Comprendre DAC8
Quelles données DAC8 collecte
Identité (nom et adresse du domicile), résidence fiscale, transactions et transferts : les données au cœur du risque DAC8.
Mis à jour le
Réponse courte
DAC8 peut collecter et déclarer des données d’identité (nom, adresse du domicile, date de naissance), la résidence fiscale, les numéros d’identification fiscale, des catégories de transactions, des types de crypto-actifs, des valeurs, des transferts, des dépôts et des retraits, y compris des opérations sans pertinence fiscale. Le risque ne tient pas à un champ isolé. Le risque, c’est le jeu de données combiné : une personne réelle, physique ou morale, peut être reliée à une activité crypto susceptible de renvoyer vers l’historique d’une blockchain publique.

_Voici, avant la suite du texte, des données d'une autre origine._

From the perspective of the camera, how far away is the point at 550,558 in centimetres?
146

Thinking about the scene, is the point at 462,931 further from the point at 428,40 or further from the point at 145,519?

DAC8 ne se limite pas à signaler qu’un contribuable détient des crypto-actifs ou a utilisé une plateforme crypto. Le mécanisme peut lier une identité civile à des données transactionnelles détaillées.
Faits clés
| Catégorie de données | Exemples |
|---|---|
| Identité | Nom, adresse du domicile, date de naissance ; personne physique ou morale |
| Statut fiscal | Résidence fiscale, numéro d’identification fiscale (NIF) |
| Données du prestataire | Informations de compte ou d’utilisateur détenues par le prestataire déclarant |
| Données de transaction | Acquisitions, cessions, échanges crypto-crypto, paiements, transferts, dépôts, retraits, dates, montants bruts, nombre d’unités et nombre d’opérations |
| Données crypto et blockchain | Type de crypto-actif, catégories de transactions, transferts, valeurs, nombre d’unités et nombre d’opérations |
Données d’identification
Les prestataires déclarants doivent identifier les utilisateurs concernés. Selon les cas, les informations peuvent couvrir le nom, l’adresse, la résidence fiscale, la date de naissance et le numéro d’identification fiscale.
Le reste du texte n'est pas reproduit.